Stakeholder Perspective

Chronic Obstructive Pulmonary Disease Remains a Growing Population Health Concern

F. Randy Vogenberg, PhD, RPh

PURCHASERS/PAYERS: Chronic obstructive pul­monary disease (COPD) remains a growing population health issue from a clinical effectiveness perspective and from an economic efficiency perspective, given our lifestyles and the aging US population. In their current review, Blanchette and colleagues highlight key outcome drivers to address when considering health plan design elements or coverage frameworks to improve and sustain health status goals. For example, employer-sponsored plans should focus on plan designs that align with their business goals of productivity and reduced absenteeism, while providing benefit designs that are attractive for their employees, including patients with chronic conditions, such as COPD.

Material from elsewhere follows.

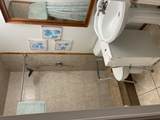 466 Luakaha St - Photo 11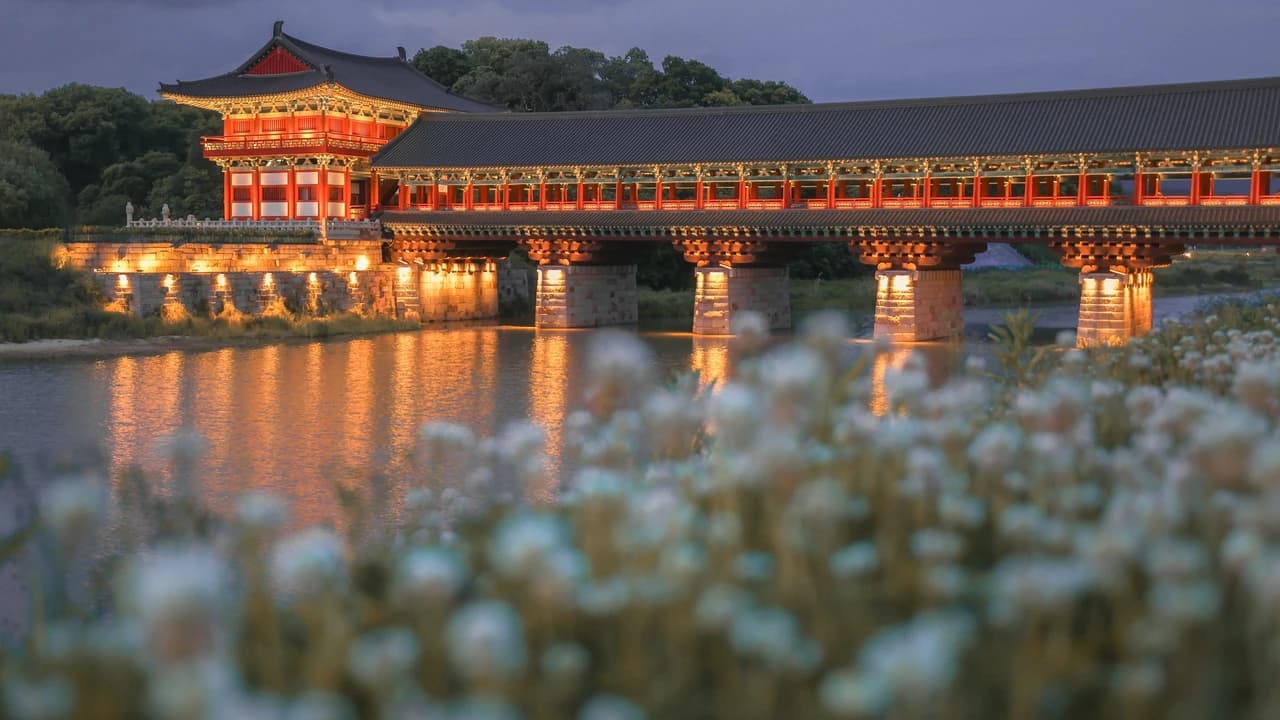 Gyeongju Silla Heritage Full-Day Tour with Seokguram Grotto from Busan - Photo 1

Aligning health plan coverage through care management that optimizes maintenance therapies remains an elusive goal, yet this presents a significant opportunity to enhance patient outcomes and improve the plan’s financial performance. Blanchette and colleagues provide insight on how to address this challenge, which now needs to be followed up with action.

PATIENTS: The growth in high-deductible plans creates a potential economic barrier for patients with a chronic disease (such as COPD), who require long-term therapy. The underutilization of maintenance therapy by patients and the lack of incentives to change this behavior are barriers to be overcome, as well as plan-­imposed barriers.

Finding the appropriate balance between meeting the treatment needs of patients and aligning plan designs to create opportunities to reward health status improvement remains a challenge. Building on the health reform focus on disease prevention, the challenge is how best to engage patients in the care of their chronic condition, and how best to inform healthcare providers about the optimal strategies that will have a positive impact on their patients to reinforce successes without penalty from using poor plan design.